Dataset entries:
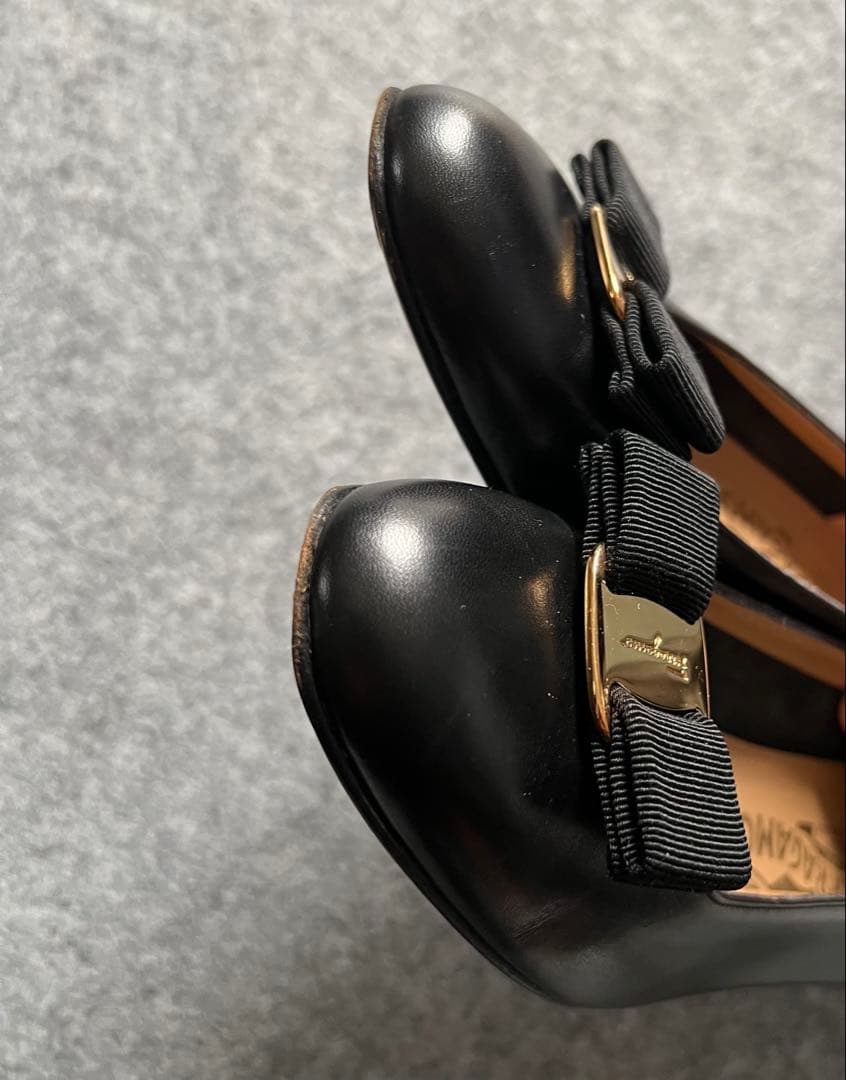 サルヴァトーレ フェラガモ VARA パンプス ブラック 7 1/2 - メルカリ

* * *

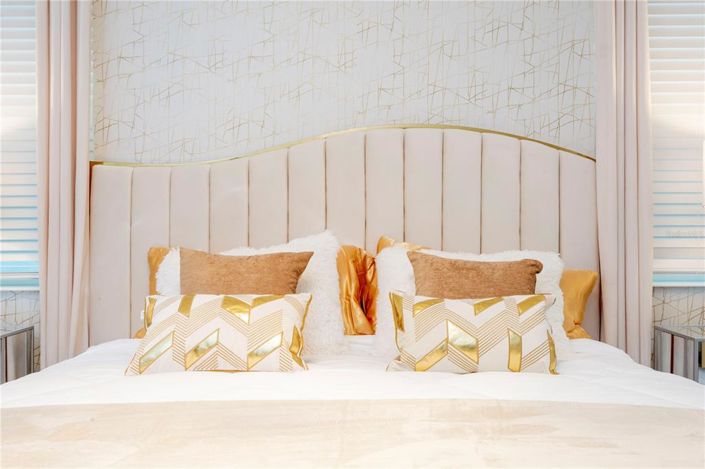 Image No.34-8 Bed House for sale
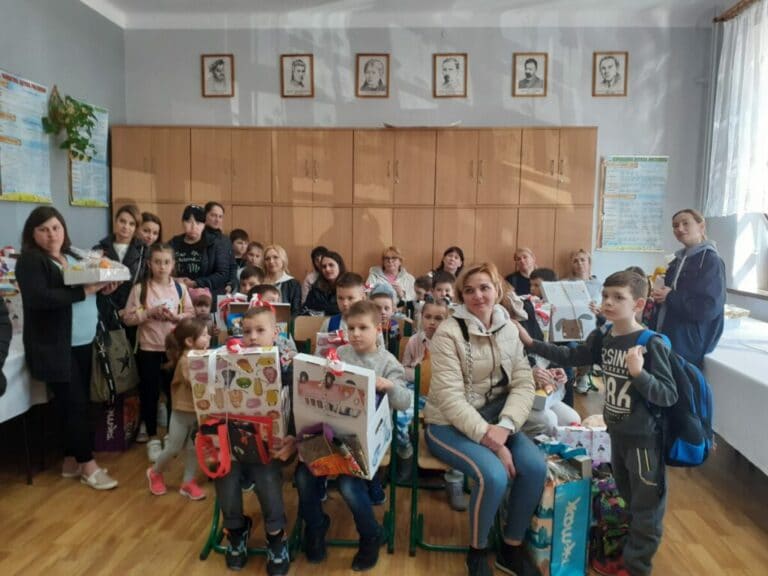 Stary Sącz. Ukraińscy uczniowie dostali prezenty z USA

Task statement:
Using the data above, retype exactly and only the lines from the one containing "Image No.34-8 Bed House for sale" up to and including the one containing "Stary Sącz. Ukraińscy", with no pictures carried over.

Final answer:
 Image No.34-8 Bed House for sale
 Stary Sącz. Ukraińscy uczniowie dostali prezenty z USA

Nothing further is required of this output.